§ INFORMATION GIVEN
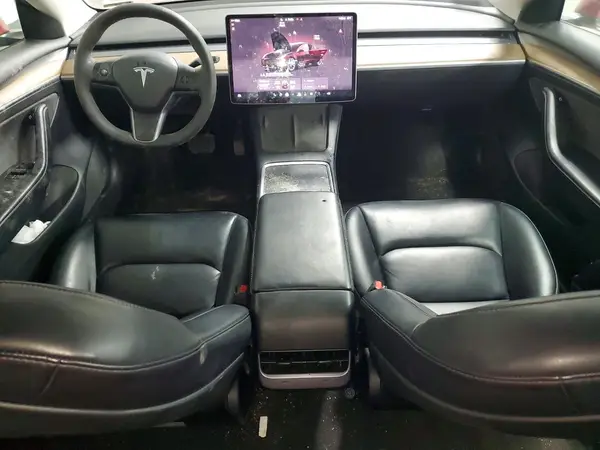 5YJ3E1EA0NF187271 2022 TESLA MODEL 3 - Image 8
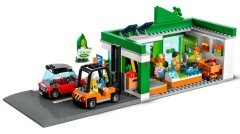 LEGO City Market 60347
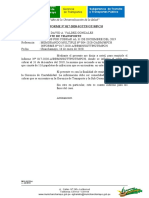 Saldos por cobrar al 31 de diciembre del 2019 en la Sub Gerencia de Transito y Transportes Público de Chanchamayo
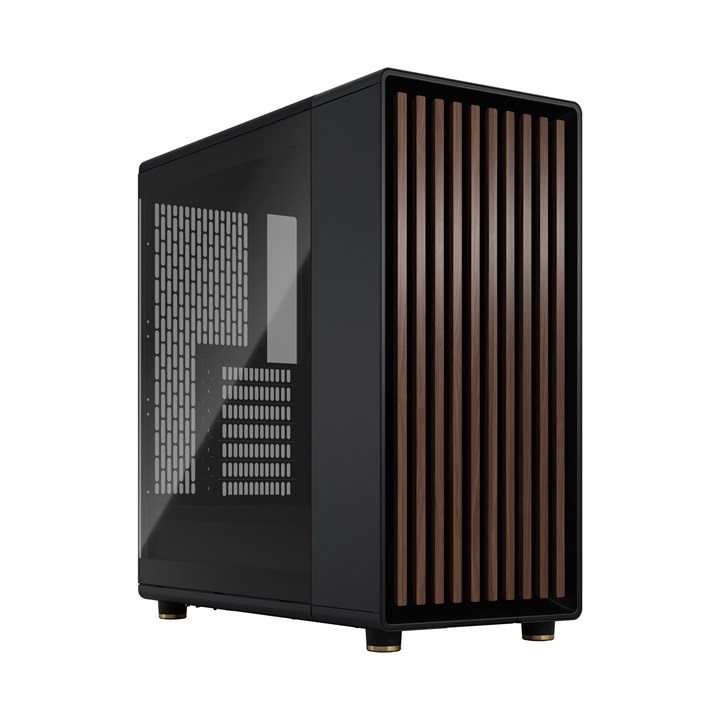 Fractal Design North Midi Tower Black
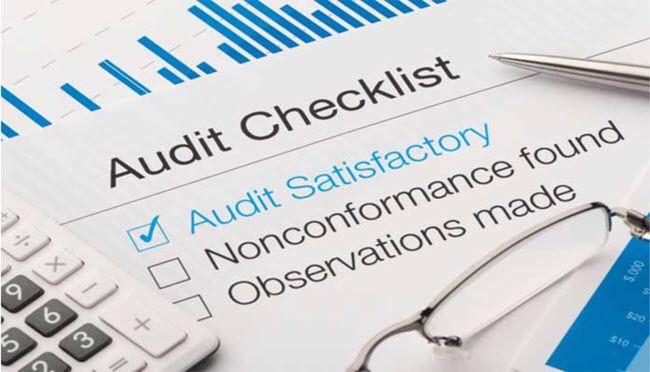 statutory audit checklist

==

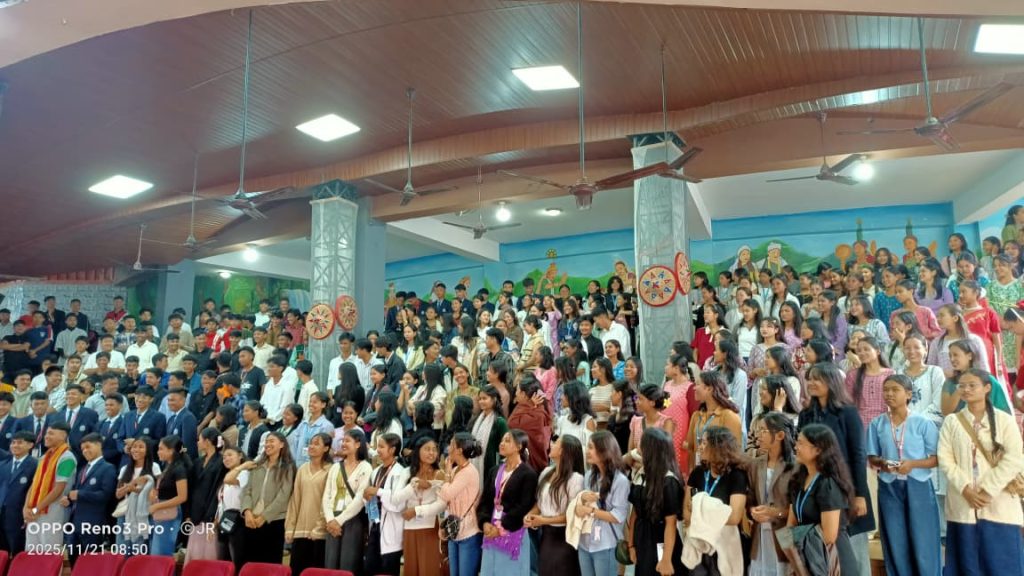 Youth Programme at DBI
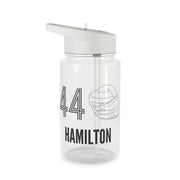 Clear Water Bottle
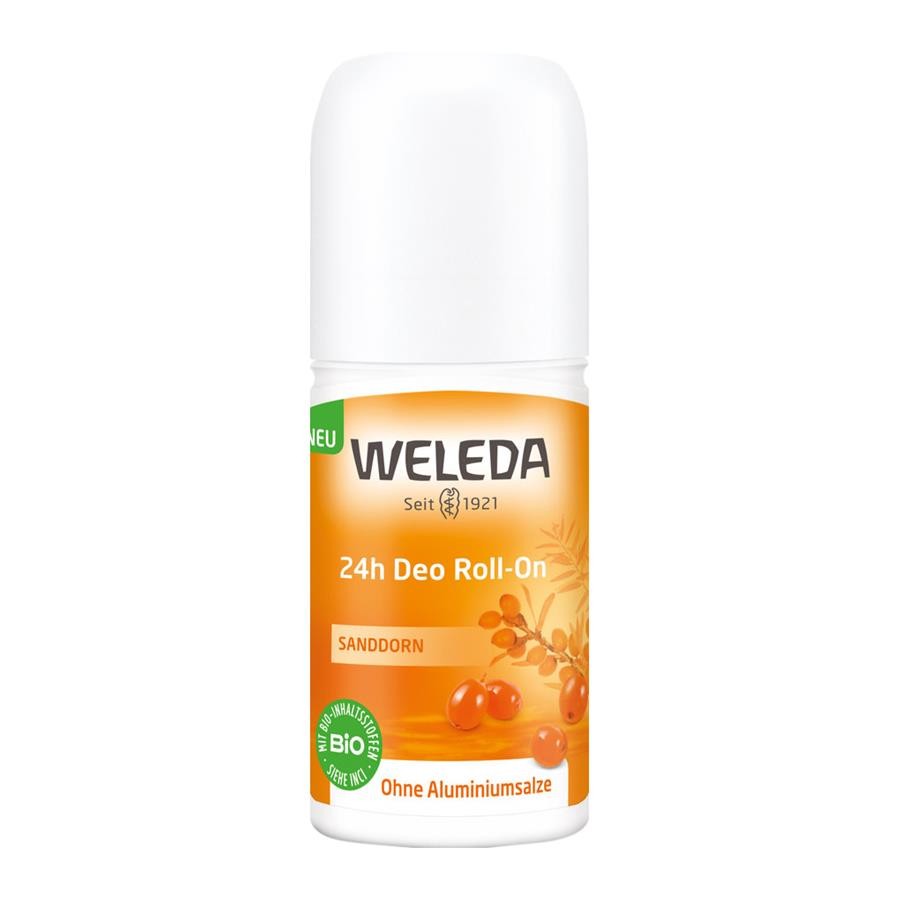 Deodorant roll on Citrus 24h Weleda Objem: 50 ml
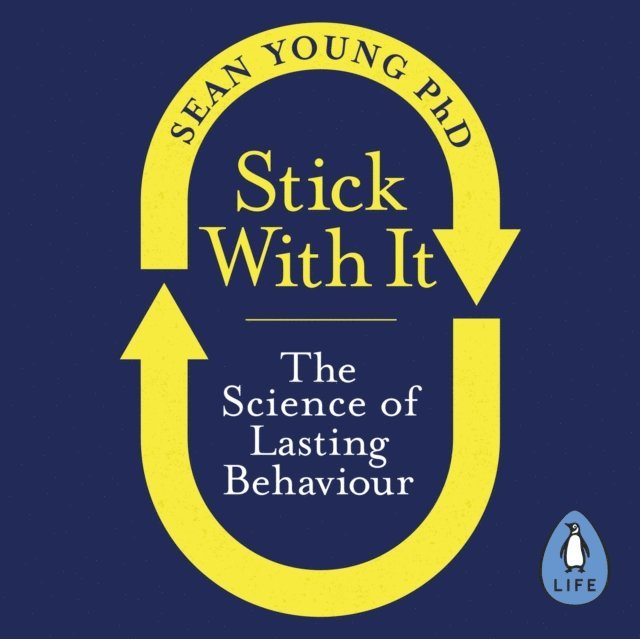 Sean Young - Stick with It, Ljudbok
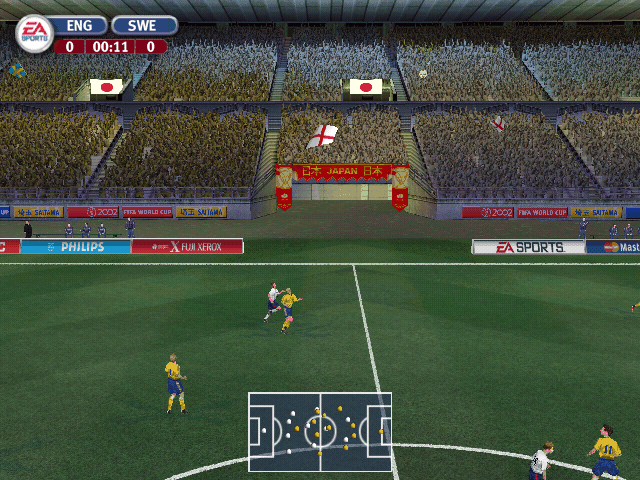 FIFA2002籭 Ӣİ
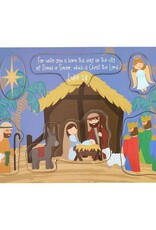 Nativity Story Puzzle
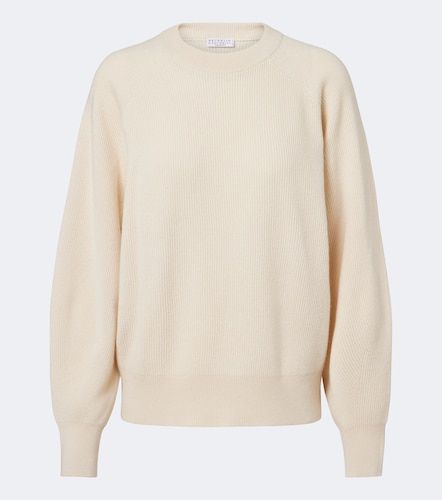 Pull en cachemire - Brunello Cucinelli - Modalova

* * *

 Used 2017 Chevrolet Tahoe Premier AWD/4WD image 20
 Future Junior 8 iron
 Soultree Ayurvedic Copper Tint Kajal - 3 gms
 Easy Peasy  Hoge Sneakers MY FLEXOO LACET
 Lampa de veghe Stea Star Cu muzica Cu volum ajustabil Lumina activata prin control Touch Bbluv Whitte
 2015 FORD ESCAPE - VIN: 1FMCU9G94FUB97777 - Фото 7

§ TO DO
There is a run of lines above from the one with "Lampa de veghe" to the one with "2015 FORD ESCAPE"; print exactly that run, both ends included, and nothing else.

§ EXERCISE SOLUTION
 Lampa de veghe Stea Star Cu muzica Cu volum ajustabil Lumina activata prin control Touch Bbluv Whitte
 2015 FORD ESCAPE - VIN: 1FMCU9G94FUB97777 - Фото 7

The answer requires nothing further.